Was so wunderbar ist an Claytons Film – im Übrigen wurde das Skript von Schriftsteller Truman Capote (nach William Archibalds Bühnenadaption) sehr einfühlsam (nach filmischen Prinzipien) ausgearbeitet – ist, dass er dem Zuschauer erlaubt, die Geistererscheinungen einerseits als vollkommen imaginär oder eben andererseits als physische, tatsächliche Offenbarungen des Übernatürlichen zu betrachten. Ob nun Geister oder reale Personen, der Einfluss von Quint und Miss Jessel hat in jedem Fall reale und schlimme Konsequenzen. Wurden die Kinder vielleicht vom Hauspersonal, das auf sie aufpassen sollte, sexuell missbraucht? Wurden Miles und Flora tatsächlich unheilbar seelisch verdorben? Oder sind es der übertriebene Beschützerinstinkt und die labile Psyche der Miss Giddens, die den Grund für das sich zuspitzende Grauen bilden? All diese möglichen Erklärungen werden konsequent offen gehalten – durch Darsteller, Szenenbild und Inszenierung. Deborah Kerr gibt als Miss Giddens eine für sie typisch nuancierte Darstellung; nie ist man sicher, ob ihre Verunsicherung und Verstörung von ihrer Vergangenheit oder von dem, was sie in Bly erlebt, herrührt. Auch die Kinder, Martin Stephens und Pamela Franklin, werden auf natürliche Weise gespielt – nicht als dämonische Erscheinungen zerstörter Unschuld – so ist ihr Anteil an dem, was passiert ist (wenn überhaupt je etwas passiert ist) nie gewiss. Clayton erhöht die Spannung äußerst vielseitig durch filmische Details: durch das Spiel mit Licht und Schatten, durch Geräusche wie das Kratzen eines Stiftes auf einer Schiefertafel, schaurige Lieder, die aus einer Musikbox dringen, weiße, welkende Rosen, brüchige Statuen von Engeln und Nymphen, Insekten, die das Erdreich der pittoresken Gärten von Bly bevölkern und das Schattenreich der dunklen Geheimnisse und Verdorbenheit verkörpern, das unter der Oberfläche des vornehmen englischen Anstandes brodelt.

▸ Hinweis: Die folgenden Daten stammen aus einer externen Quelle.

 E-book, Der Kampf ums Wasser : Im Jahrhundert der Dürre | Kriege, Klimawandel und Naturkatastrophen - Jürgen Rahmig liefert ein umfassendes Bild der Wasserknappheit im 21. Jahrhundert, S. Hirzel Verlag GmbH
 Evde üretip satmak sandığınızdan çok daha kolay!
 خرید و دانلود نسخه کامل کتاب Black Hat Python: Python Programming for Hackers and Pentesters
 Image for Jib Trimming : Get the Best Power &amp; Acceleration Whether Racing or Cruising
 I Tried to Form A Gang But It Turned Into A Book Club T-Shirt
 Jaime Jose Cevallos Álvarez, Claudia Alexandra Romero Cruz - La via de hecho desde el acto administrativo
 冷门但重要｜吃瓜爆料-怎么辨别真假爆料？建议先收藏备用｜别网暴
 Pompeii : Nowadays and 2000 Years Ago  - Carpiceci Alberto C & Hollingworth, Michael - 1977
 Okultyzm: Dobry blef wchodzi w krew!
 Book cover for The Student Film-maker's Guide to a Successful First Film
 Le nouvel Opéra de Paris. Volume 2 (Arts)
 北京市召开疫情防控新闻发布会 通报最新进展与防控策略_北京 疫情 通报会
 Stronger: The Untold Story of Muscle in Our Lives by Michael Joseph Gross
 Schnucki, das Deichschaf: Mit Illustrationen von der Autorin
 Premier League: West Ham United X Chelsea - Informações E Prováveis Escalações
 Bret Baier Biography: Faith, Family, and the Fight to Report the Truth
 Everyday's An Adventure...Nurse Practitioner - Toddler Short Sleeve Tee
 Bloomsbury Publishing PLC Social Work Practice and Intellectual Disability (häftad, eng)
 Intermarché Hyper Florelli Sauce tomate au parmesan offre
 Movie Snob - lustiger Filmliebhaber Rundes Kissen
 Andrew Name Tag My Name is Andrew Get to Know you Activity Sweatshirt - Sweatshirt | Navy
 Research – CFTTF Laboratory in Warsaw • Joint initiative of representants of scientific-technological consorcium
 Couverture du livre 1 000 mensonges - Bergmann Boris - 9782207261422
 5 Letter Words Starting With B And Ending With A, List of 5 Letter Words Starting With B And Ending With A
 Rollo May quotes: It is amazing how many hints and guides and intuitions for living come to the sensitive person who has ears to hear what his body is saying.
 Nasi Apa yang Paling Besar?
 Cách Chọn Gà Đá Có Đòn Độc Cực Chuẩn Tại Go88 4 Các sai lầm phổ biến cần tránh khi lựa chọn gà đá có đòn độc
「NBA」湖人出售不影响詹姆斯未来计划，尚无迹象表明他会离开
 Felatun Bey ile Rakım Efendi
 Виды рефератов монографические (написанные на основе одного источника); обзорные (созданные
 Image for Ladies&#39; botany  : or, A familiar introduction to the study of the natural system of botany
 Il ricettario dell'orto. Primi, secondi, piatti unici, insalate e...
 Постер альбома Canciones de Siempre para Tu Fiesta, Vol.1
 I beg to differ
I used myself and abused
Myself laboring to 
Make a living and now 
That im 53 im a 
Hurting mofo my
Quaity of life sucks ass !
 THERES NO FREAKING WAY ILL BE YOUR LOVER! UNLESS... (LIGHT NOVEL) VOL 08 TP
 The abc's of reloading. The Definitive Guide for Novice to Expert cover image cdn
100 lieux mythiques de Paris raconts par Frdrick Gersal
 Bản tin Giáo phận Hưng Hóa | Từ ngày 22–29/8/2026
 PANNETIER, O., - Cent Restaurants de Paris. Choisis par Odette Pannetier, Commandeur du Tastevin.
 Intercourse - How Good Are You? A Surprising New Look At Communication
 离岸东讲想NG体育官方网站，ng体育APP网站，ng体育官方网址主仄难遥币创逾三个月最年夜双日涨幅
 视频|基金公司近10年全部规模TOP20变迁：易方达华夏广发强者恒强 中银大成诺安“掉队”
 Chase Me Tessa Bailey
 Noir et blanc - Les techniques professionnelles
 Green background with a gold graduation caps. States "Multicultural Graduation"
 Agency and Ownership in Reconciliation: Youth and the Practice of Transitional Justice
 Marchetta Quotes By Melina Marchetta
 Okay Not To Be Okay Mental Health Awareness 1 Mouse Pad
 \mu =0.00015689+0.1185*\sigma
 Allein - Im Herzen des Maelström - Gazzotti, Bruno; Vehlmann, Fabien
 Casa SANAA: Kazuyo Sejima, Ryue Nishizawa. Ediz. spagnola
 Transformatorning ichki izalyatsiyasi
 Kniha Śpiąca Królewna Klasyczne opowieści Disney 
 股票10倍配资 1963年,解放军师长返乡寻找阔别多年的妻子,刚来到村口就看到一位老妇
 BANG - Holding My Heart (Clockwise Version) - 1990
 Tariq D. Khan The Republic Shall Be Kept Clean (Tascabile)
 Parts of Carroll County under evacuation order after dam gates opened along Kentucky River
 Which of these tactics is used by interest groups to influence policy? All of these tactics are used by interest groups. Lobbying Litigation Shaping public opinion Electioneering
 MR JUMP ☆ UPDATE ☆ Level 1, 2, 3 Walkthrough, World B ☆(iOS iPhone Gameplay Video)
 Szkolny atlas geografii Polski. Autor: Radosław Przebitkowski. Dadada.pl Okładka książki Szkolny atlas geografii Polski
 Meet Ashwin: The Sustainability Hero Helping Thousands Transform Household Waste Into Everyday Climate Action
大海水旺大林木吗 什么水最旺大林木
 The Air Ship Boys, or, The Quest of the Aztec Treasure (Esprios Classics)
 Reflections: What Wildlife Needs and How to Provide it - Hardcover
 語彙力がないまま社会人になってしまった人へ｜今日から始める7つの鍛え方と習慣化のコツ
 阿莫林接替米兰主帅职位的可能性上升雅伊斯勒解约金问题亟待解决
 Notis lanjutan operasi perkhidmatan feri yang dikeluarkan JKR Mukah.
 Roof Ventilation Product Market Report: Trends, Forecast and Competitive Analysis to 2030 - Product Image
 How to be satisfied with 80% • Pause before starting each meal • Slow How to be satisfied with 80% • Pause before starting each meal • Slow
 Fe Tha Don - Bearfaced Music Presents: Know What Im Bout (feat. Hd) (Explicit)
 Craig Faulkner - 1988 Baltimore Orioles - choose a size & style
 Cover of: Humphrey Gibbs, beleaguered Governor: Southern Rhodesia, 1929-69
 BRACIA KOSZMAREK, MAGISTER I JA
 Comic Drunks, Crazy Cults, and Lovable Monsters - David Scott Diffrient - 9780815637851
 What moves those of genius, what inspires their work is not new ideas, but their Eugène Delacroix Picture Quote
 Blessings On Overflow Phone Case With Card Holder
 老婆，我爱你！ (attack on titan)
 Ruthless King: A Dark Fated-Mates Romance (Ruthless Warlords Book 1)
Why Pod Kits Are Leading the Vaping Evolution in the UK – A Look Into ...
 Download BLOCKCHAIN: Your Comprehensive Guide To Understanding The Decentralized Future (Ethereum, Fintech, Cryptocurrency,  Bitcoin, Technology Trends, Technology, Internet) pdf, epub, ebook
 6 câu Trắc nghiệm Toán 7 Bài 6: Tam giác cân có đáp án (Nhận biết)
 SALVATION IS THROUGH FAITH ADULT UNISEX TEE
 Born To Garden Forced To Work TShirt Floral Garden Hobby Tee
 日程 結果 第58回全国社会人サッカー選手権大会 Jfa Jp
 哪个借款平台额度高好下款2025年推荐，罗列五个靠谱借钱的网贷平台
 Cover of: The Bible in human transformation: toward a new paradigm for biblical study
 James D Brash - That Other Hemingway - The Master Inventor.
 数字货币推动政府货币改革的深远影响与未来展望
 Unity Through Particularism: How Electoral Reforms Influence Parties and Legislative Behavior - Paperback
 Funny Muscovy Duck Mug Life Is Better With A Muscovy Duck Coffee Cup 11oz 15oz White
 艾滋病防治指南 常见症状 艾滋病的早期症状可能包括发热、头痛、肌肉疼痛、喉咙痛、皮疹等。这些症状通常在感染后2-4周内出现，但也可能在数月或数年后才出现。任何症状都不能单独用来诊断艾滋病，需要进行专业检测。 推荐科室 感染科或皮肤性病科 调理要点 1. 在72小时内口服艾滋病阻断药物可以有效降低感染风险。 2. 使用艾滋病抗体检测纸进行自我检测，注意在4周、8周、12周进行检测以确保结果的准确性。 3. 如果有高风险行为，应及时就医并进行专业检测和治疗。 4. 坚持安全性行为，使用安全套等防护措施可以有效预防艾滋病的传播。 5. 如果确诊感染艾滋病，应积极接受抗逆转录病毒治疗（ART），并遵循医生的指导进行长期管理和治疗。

Derartige stilistische Eigenschaften rufen die Filme von David Lynch („Lost Highway“, „Mulholland Drive“) in Erinnerung, auf den der Film einen großen Einfluss gehabt haben muss. Die visuelle Gestaltung (Kamera: Freddie Francis) ist ungewöhnlich: der Film wurde in Schwarz-Weiß und CinemaScope gedreht – die Kamera nutzt hier ein hohes Maß an Tiefenschärfe mit doppelten Brennpunkten und fließenden Überblendungen (es gibt nur ein oder zwei harte Schnitte im ganzen Film). Die monochromen Töne und der manchmal silbern-verschwommene Schimmer der Schwarzweiß-Fotografie haben eine suggestive Kraft und vermitteln eindrucksvoll die dunklen Schatten und das feinziselierte, geisterhafte Böse des Viktorianischen Horrors sowie die Zerstörung der „blütenweißen“ Unschuld.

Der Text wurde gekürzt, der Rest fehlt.